In the last week I had seen but a few provincial papers; I had almost forgotten the diplomatic moves that led to this check. With all the suddenness of those August days eight years before, however, I stepped out of the train at King’s Cross to learn that Great Britain was being left to fight, single-handed, for the freedom of the Straits, against a restored and rejuvenated Turkey.
“This is the French reply to the Balfour note,” I said; “their revenge for our refusing to accompany them into the Ruhr.”
“If you’ll be good enough to tell me what it’s all about . . .” Bertrand thundered; then he lay back, spent and very old, until I suggested calling in Fetter Lane to see the latest telegrams.
There was nothing to be learned there; almost nothing to be learned when I invited myself to dine with the Crawleighs, though I remember this night with pleasure as the only one on which my father-in-law and I looked on any political problem with the same eyes. Halfway through dinner, Neave entered in service-uniform. His battalion had received its orders for Chanak; he did not know why he was going; we could not tell him.
“Harington’s a cool-headed fellow,” said Crawleigh to keep his own courage up. “If he can avoid a conflict . . .”
I remembered the days eight years before when Jim Loring and I kept our courage up by telling each other that Sir Edward Grey would prevent war if war could be prevented.
“I still don’t understand,” muttered Lady Crawleigh, as though we were conspiring to keep some discreditable secret for her.
“No one does, ma,” Neave snapped and then left his father to reach the same conclusion in less few words.

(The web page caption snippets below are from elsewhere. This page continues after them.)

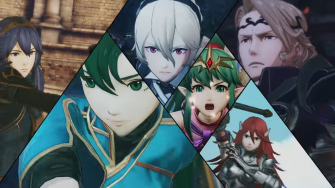 Fire Emblem Warriors Does Not Have An Option For Dual Wallpaper
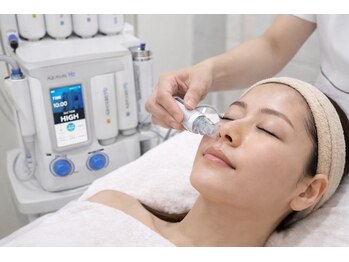 シャルム(CHARME)/ハイドラフェイシャル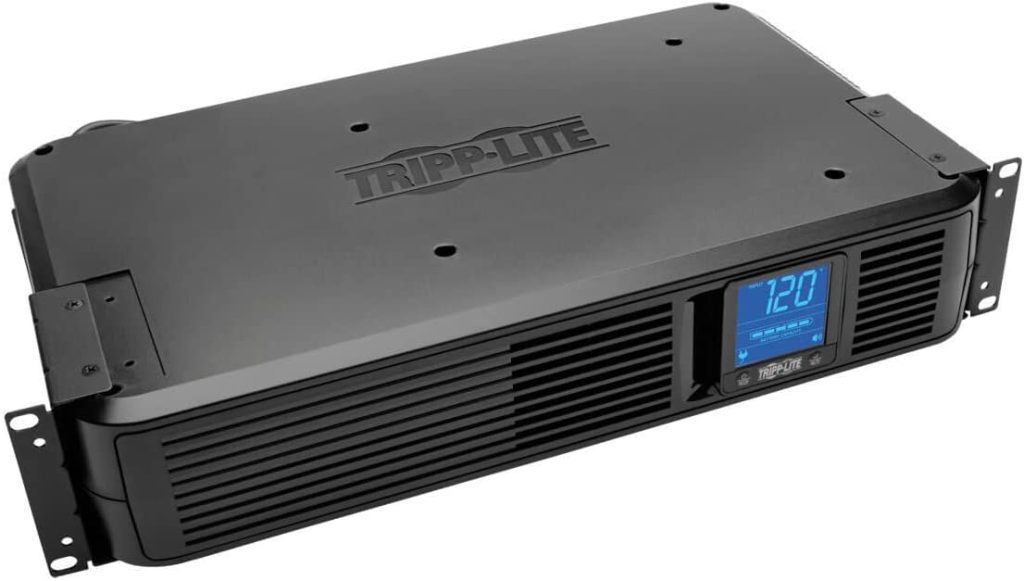 
Tripp Lite home power manager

War was again at our gates; and we had not willed it, we did not want it. Stalking across Europe from that country which had been most completely vanquished, it hammered at our gates within four years of the war that was to have ended war. Whenever in the last three years I had urged that the incorrigible and blighting Turk should be forced into the hinterland of Asia Minor, Crawleigh had annotated my articles with the red-ink comment that we should pay for a peaceful Europe with a hostile India. Now, though he knew better than most men that Mohammedan India was not bound to us by ties of love, we awoke to find that, while the victorious allies were quarrelling at a distance, Turkey had set herself quietly to recover all that she had lost in the war. When British troops went unsupported to uphold the Treaty of Sèvres, they were to find their old enemies equipped with the arms which we had shipped to Russia and restored to fighting form by officers of the French army.
“But . . . but why . . .?,” Lady Crawleigh kept repeating with pathetic helplessness.

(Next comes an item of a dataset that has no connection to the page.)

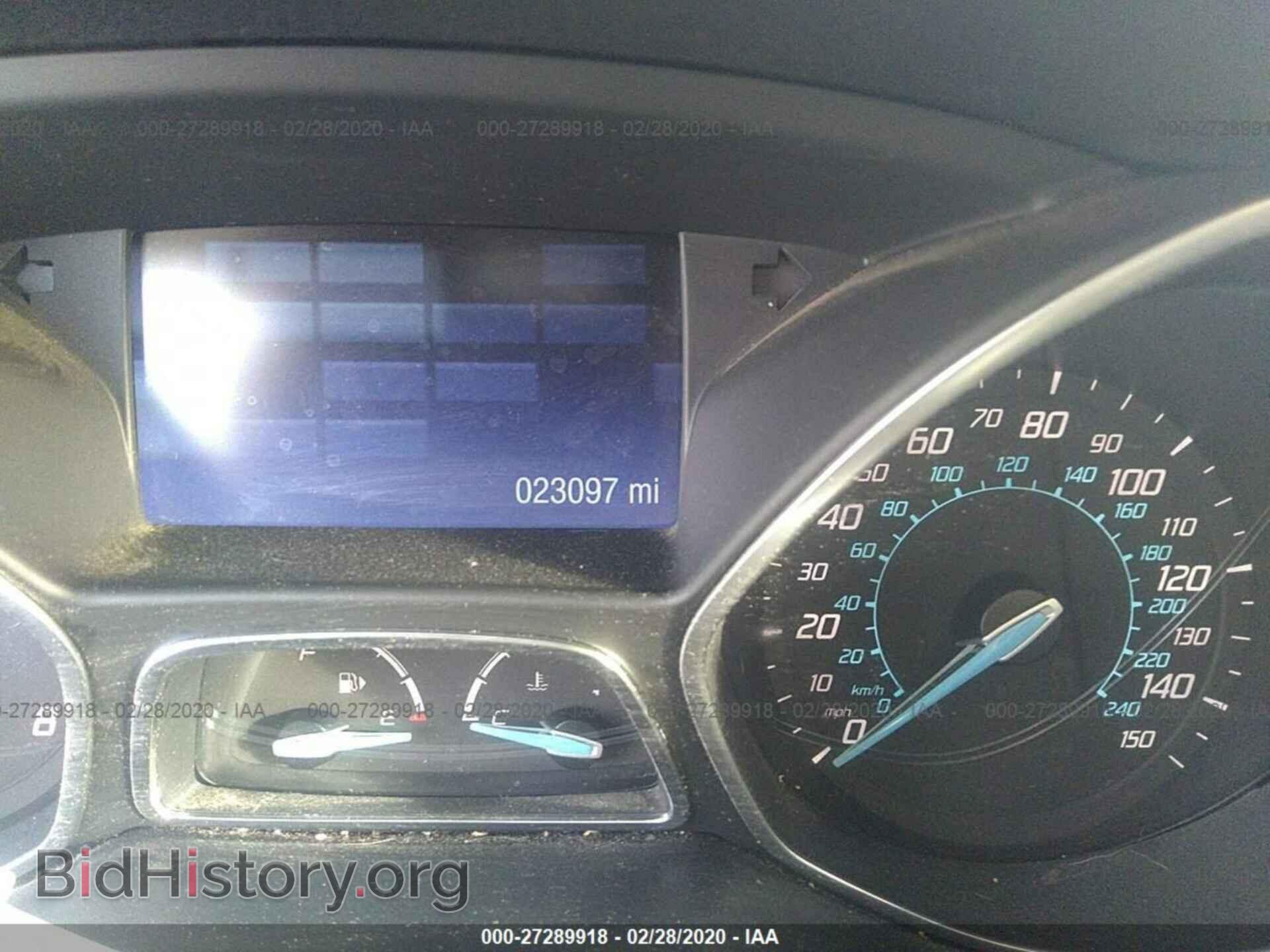 2012 FORD FOCUS - VIN: 1FAHP3F26CL356390 - Photo 7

Parliament, as represented by Crawleigh, the services, as represented by his son, the press, as represented by me, were not allowed to know all that was involved in this apparently aimless squabble about distant waterways.

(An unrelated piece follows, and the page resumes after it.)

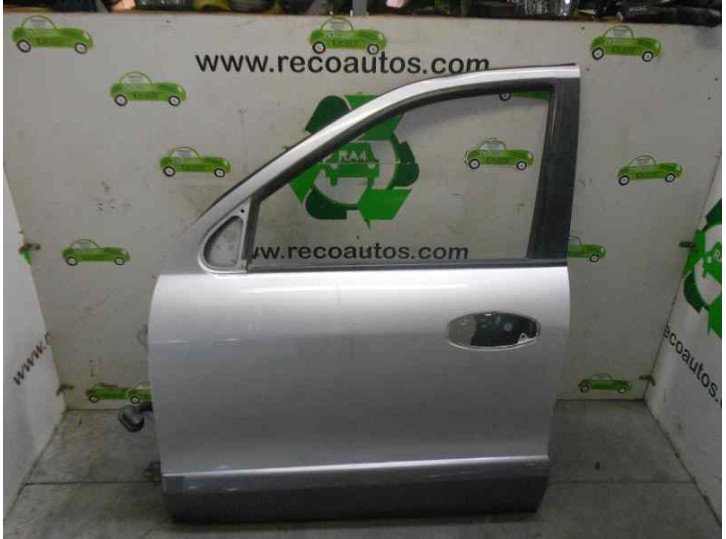 Recambio de puerta delantera izquierda para hyundai santa fe (sm) 2.4 cat referencia OEM IAM 7600326111 GRIS 5P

“Nobody knows and nobody cares,” Neave cried in ungovernable exasperation.
And this was all that I could report in answer to Bertrand’s request for news.
“The first shot fires the magazine,” he predicted; “and we know from the Balkan wars that people can fight when they’ve no food and no money. Russia and Hungary will come in search of pickings. One will bring in another.” . . .
For once, however, my uncle was at fault. The political instinct of a somnolent people was again expressed by my butler in his favourite formula that another European war would be beyond a joke.
“If they can’t do better than that,” he decided, of the coalition ministers, “they’d better let some one else have a try.”
I handed on this opinion to Bertrand next day, with the rider that he looked like winning an old bet on the life of the coalition. Before I went north again to bring Barbara back to London, the Lloyd-George government was under sentence; and, had Bertrand been at hand in October to claim his wager, I should have had to entertain him at dinner.